Eramuslim.Ia, lelaki yang tak memiliki kemampuan untuk berbicara, juga tak memiliki pengendalian yang utuh atas sendi-sendi tubuhnya. Ia lelaki cacat, yang hidup dalam kebisuan dan kesunyian. Baginya, tak ada kawan hidup yang lebih mengerti dan membahagiakan kecuali kesunyian itu sendiri, ditengah kebisuan dan kecacatan indera dan tubuhnya.

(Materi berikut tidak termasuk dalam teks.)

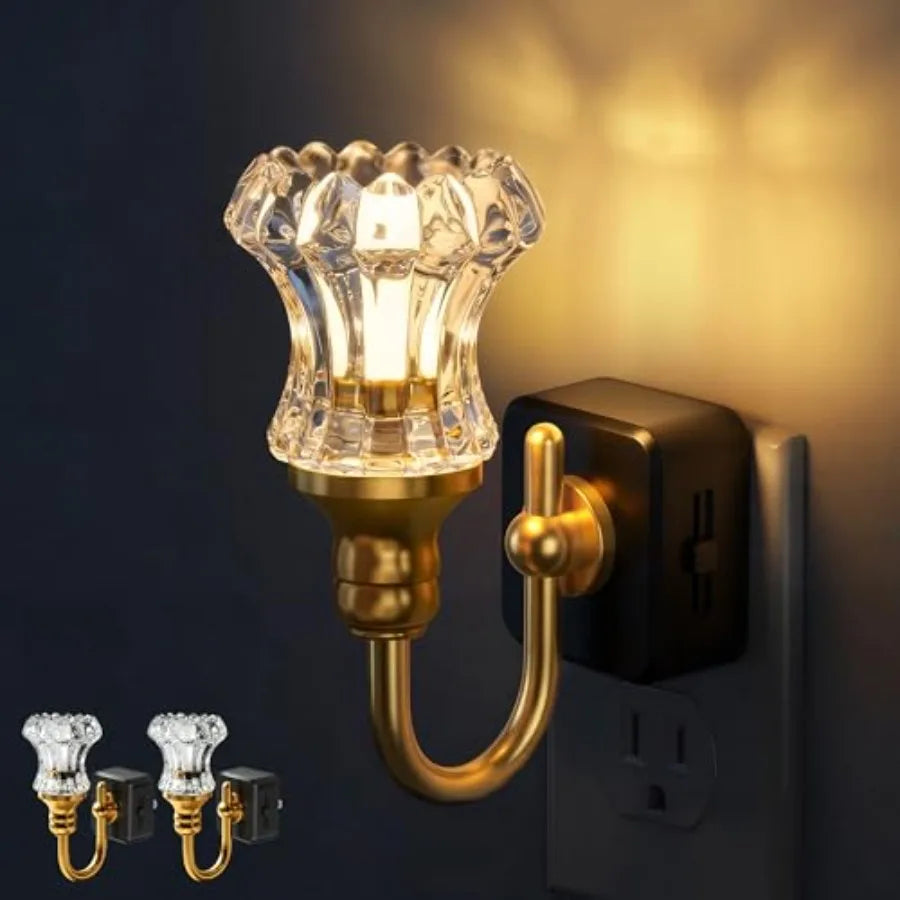 LED Night Light, Night Lights Plug into Wall, 0-100LM Dimmable Nightlight, Dusk to Dawn Sensor, 3000K Soft White, Nightlights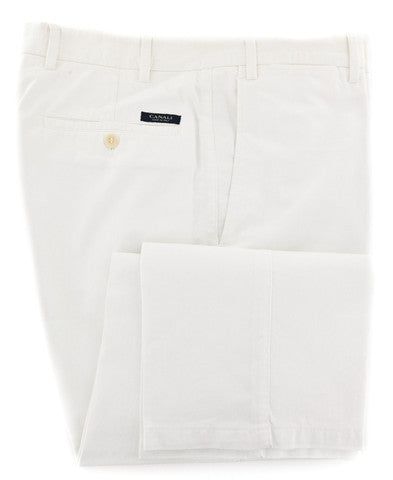 Canali White Pants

Meski demikian, ia tak lantas menyerah di hadapan kecamuk dan amuk hidup. Kebisuan bukan alasan untuk tidak bersyukur, berusaha, dan memiliki prestasi. Lelaki itu pun belajar untuk bisa membaca dan menulis, hingga ia mampu menulis beberapa buku kumpulan puisi. Hebatnya, baru-baru ini ia dinobatkan sebagai peraih penghargaan sastra internasional.

Tokoh utama dari kisah patriotik ini adalah seorang pemuda Turki, bernama Fatih Güler. Ia rajin merenung dan menulis, di tengah kesendirian dan kesunyian hidupnya. Tulisan-tulisannya menjelma dalam puisi-puisi yang sarat makna, begitu dalam, indah, juga menyentuh dan menggugah.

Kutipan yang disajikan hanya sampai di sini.